Example 2.6: Balance Laws

In this example we will solve a scalar conservation law with a source

$$u_t + f(u)_x = g(u), \qquad u(x,0)=u_0(x)$

numerically by operator splitting. To this end, we use two substeps,

$$ S(t): \quad v_t + f(v)_x = 0, \qquad v(x,0)=v_0(x)$$

$$ G(t): \quad w_t = g(w), \qquad w(y,0)=w_0(y)$$

and construct the approximate solution from the formula

$$u(x,t)\approx [G(\Delta t)\circ S(\Delta t) ]^n u_0(x)$$

The hyperbolic step will be solved using the Lax-Friedrichs scheme and the ODE will be solved using MATLAB's ode45, which is a standard Runge-Kutta solver for nonstiff ODEs.

Initial setup

T  = 12;
N  = 512;
h  = 2*pi/N;
x  = -pi+(0:N)*h; x=0.5*(x(1:end-1)+x(2:end));
u0 = exp(-4*sin((x+2)/2).^2);
h  = path; path(h,'../Example2_5');

Burgers' equation with nonlinear source

As a concrete example we will use Burgers' equation with a nonlinear source term

$$ u_t + ( 0.5 u^2)_x = -u(1-u)(0.5-u) + 0.25 u$$

and periodic boundary conditions.

First, we plot the flux function and the nonlinear source function

u = linspace(0,1.31,101);
plot(u, flux(u), u, source(0,u)), axis tight, legend('flux','source',2)

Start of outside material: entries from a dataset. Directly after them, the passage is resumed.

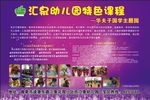 幼儿园特色课程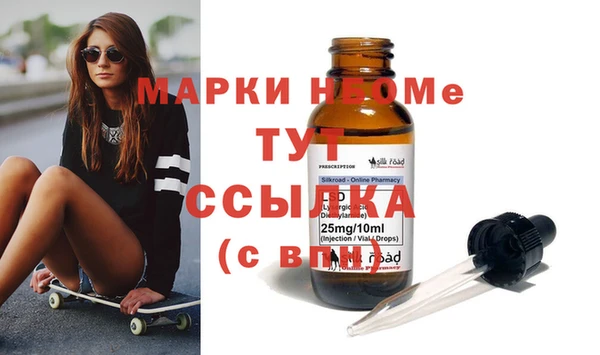 амфетамин Бородино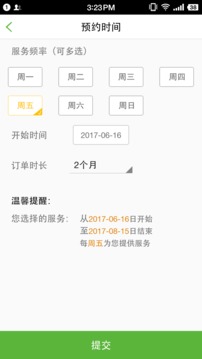 三个阿姨  v4.24图1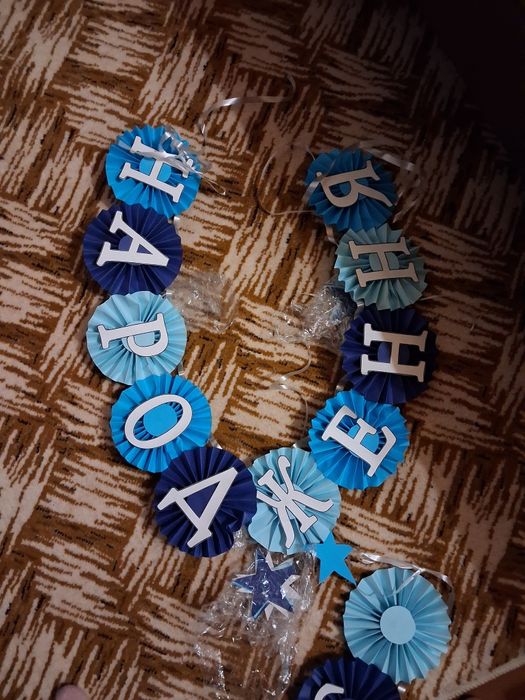 Фотозона для хлопчика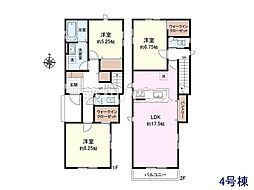 国立市泉3丁目　全5棟　新築分譲住宅 4号棟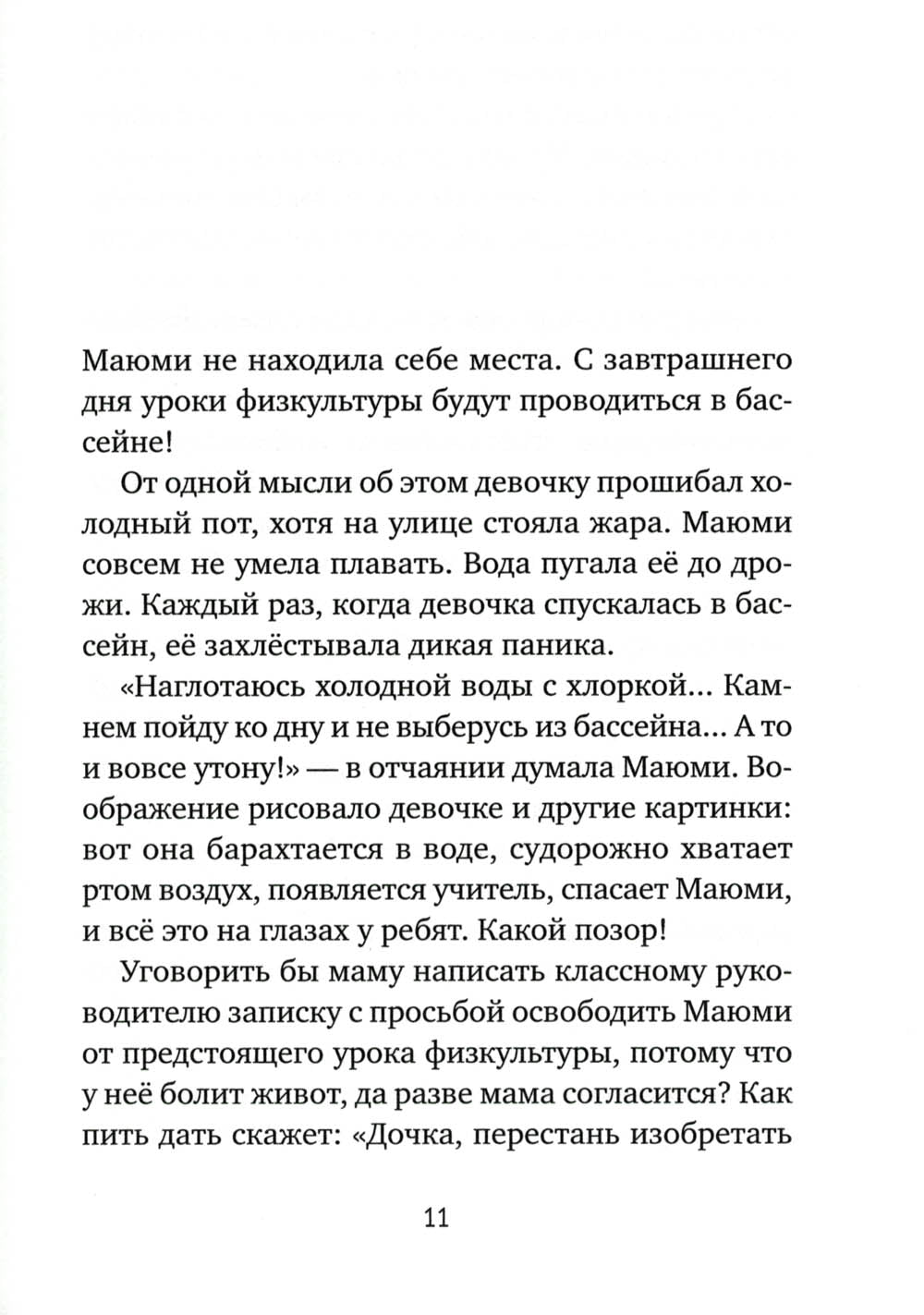 Магазин диковинных сладостей "Счастье за ​​монетку"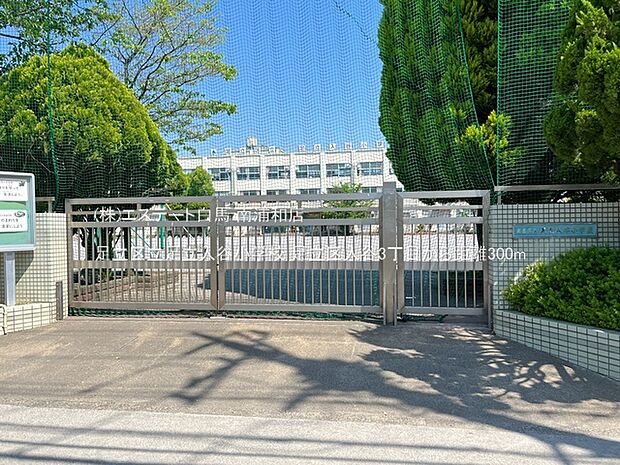 足立区立足立入谷小学校（300m）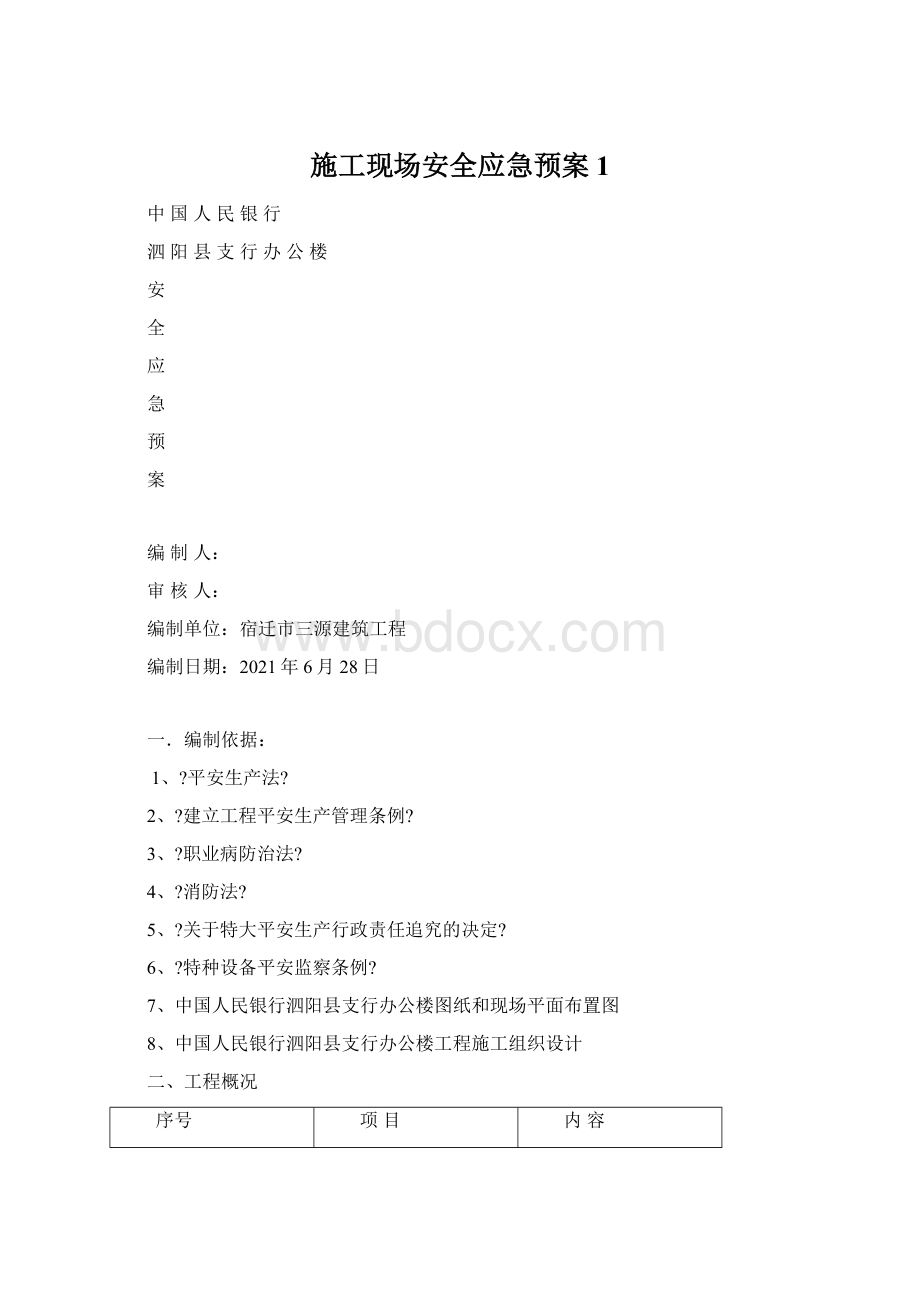 施工现场安全应急预案1.docx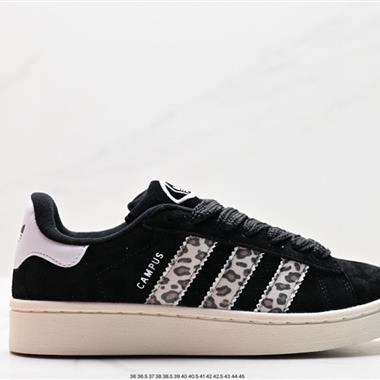 Adidas Originals Campus 00s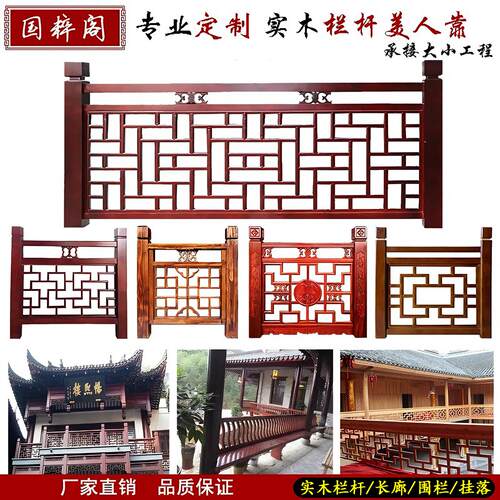 东阳木雕 中式彷古复古实木阁楼雕花栏杆护栏实木楼梯扶手栏杆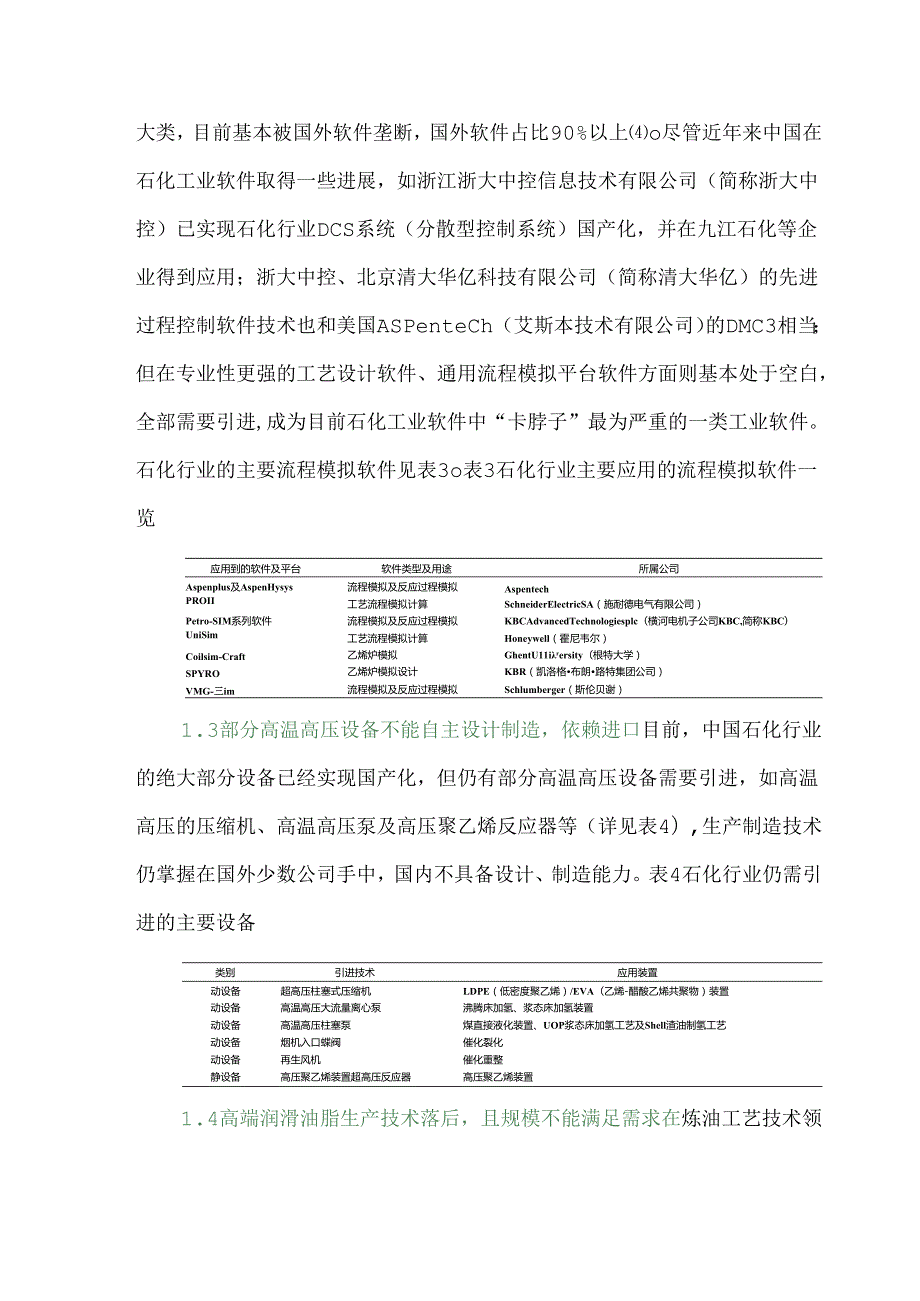 中国石化行业面临关键技术问题及对策建议.docx_第3页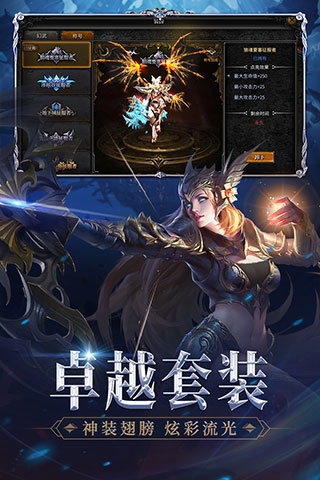神兵奇迹高爆版截图1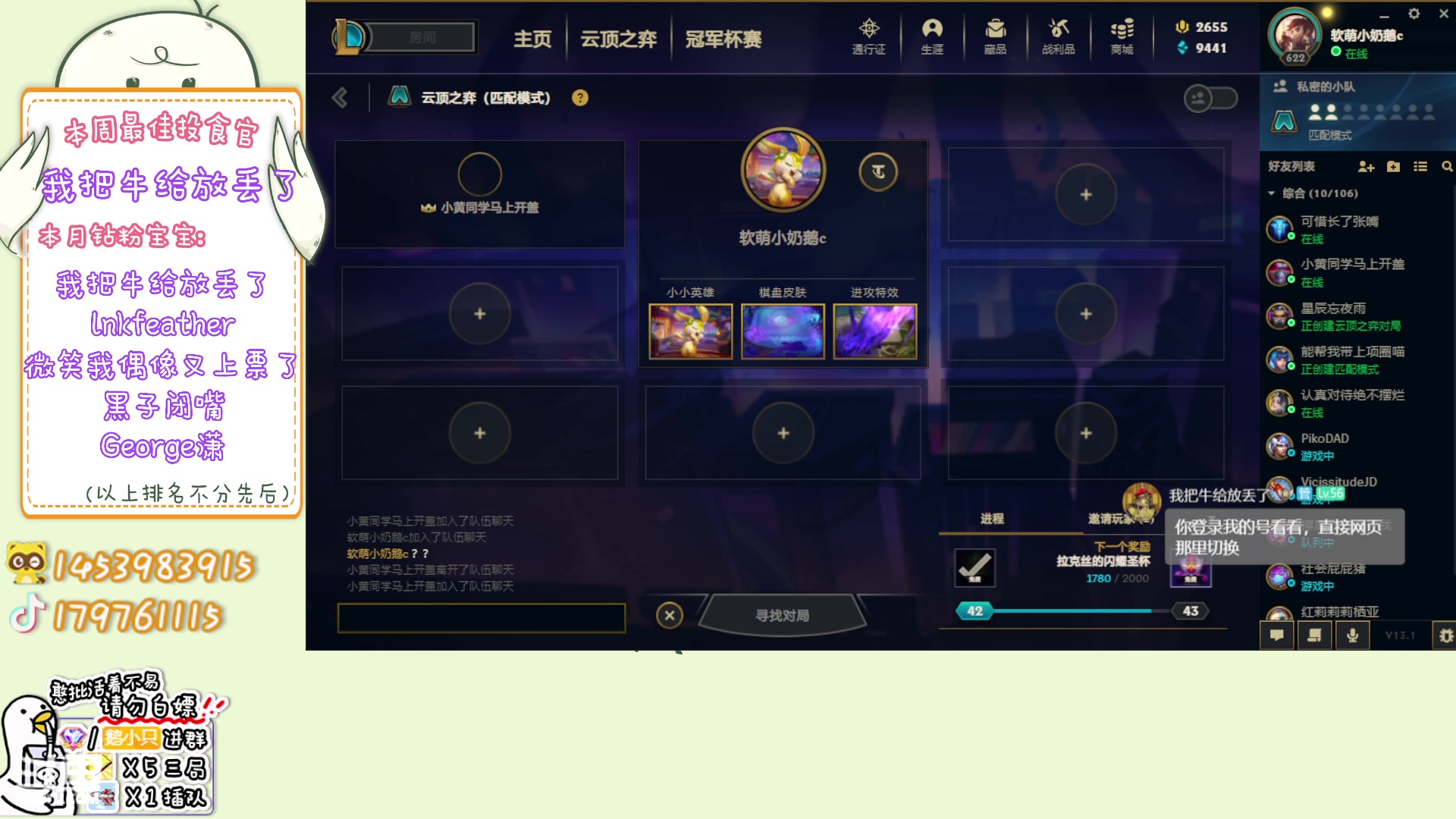 【2023-01-18 12点场】内只鹅：【小奶团】霉菜扣鹅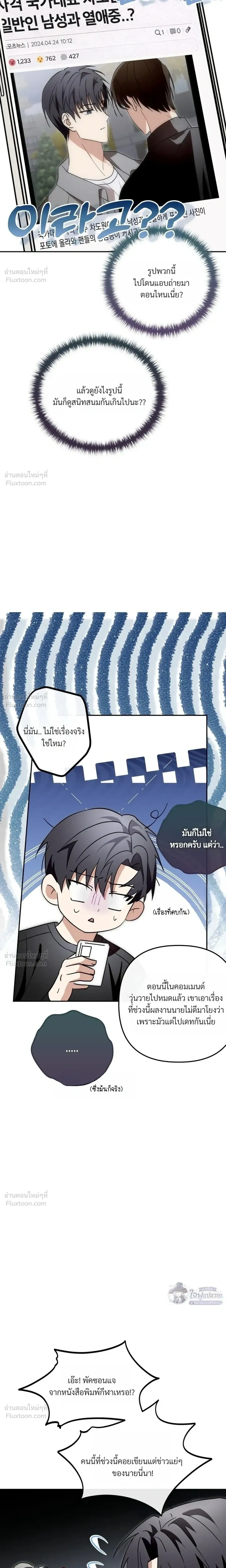 X-TEN – พิกัดรักสิบแต้ม ตอนที่ 4 — หน้า 10 จาก 26
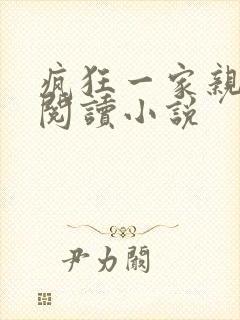 疯狂一家亲全文阅读小说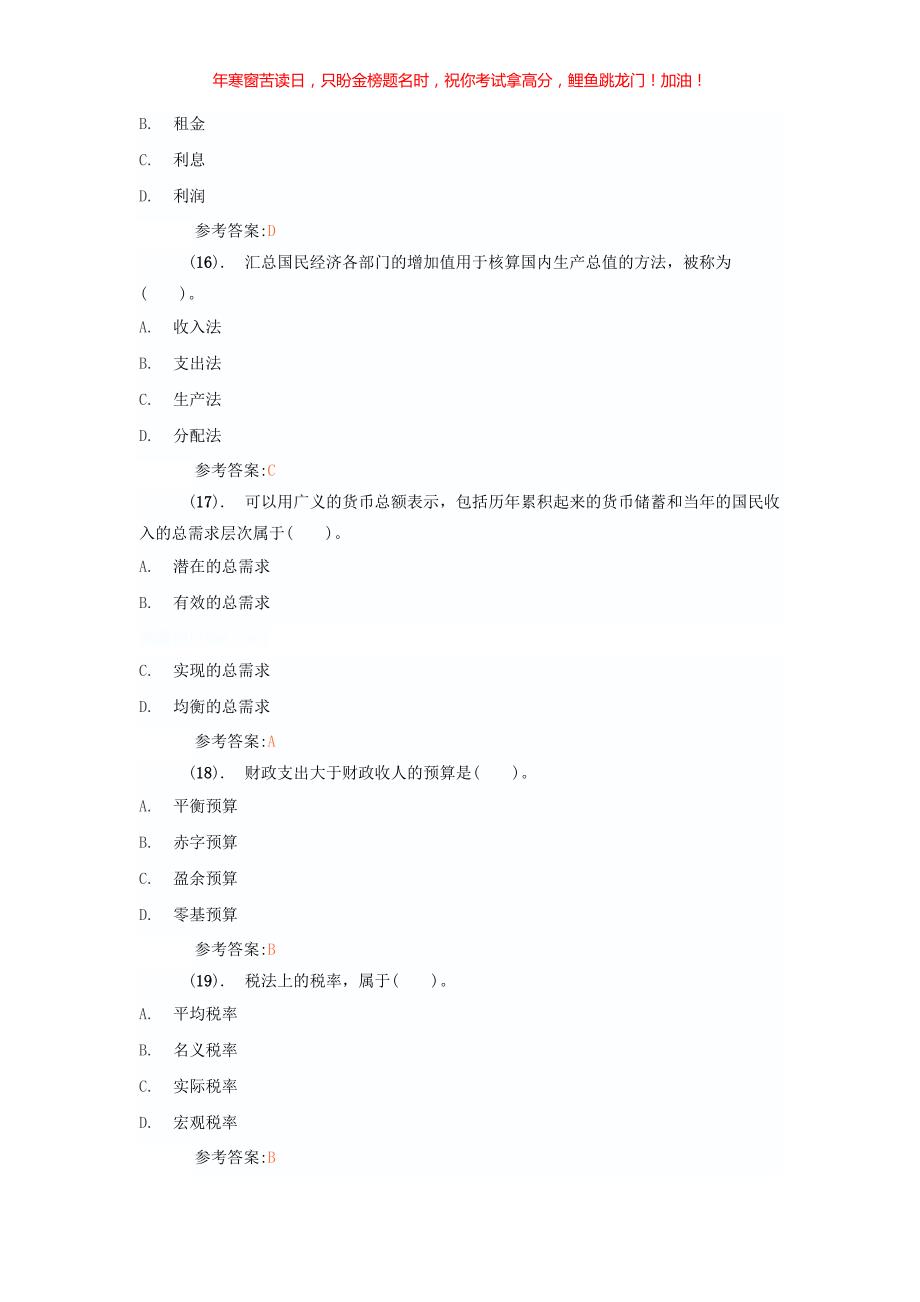 2016河北石家庄市事业单位招聘真题(含答案)_第4页
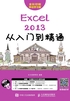 Excel 2013从入门到精通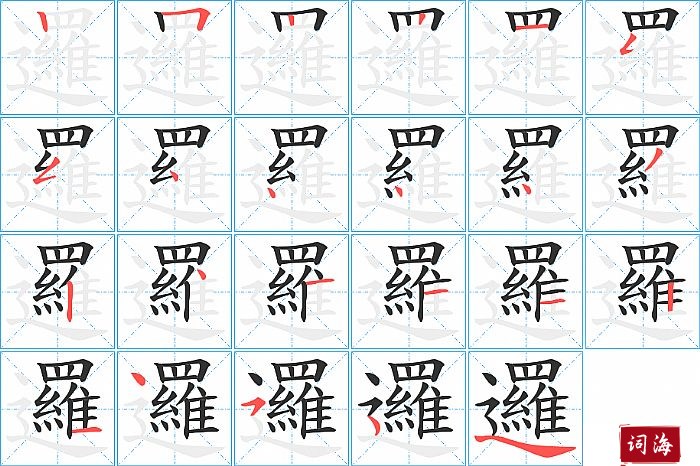 邏字怎么写图解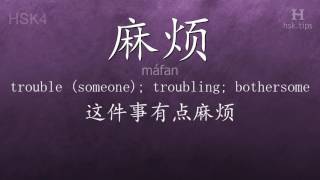 Chinese HSK 4 vocabulary 麻烦 (máfan), ex.1, www.hsk.tips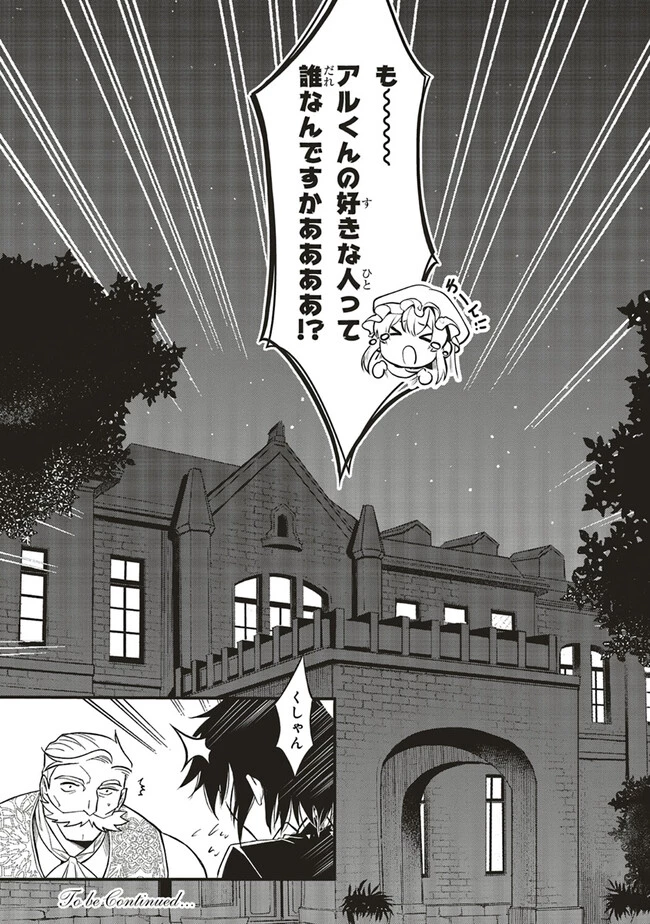 悪役王子の英雄譚 ～影に徹してきた第三王子、婚約破棄された公爵令嬢を引き取ったので本気を出してみた～ 第8.2話 - 15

Evolution of the shock profile

nsplit = 200;
u = sourcesplit('flux', 'source', u0, x, T, nsplit);
subplot(2,1,1), contourf(x,linspace(0,T,nsplit+1),u',20), colorbar
subplot(2,1,2), surf(x,linspace(0,T,nsplit+1),u')
shading interp; view(-10,50), axis tight

The initial smooth profile starts to travel to the right and sharpens up into a travelling shock wave followed by a rarefaction. Because of the nonlinear shape of the source term, we have negative accumulation in front of the shock (where u<0.2) and positive accumulation in the rarefaction (where u>0.2). Around t=6.5, the shock leaves the domain at the right-hand side and re-enters it at the left-hand side. The shock front then overtakes the rarefaction wave and the solution converges to the stationary solution u=1.3090..

Compare different time steps

Having established the dynamics of the problem, we can investigate the performance of our numerical method for different choices of the splitting step.

for n=1:4,
	nsplit = 8*4.^(n-1);
	u = sourcesplit('flux','source',u0,x,T,nsplit);
   xlabel('x'), ylabel('time'), colorbar
	title([num2str(nsplit) ' steps'])

Even with only eight splitting steps, we are able to capture the major trends of the evolutionary behavior of our problem. However, to get rid of the artificial staircase behavior of the evoloving shock, we need to increase the number of splitting steps quite high.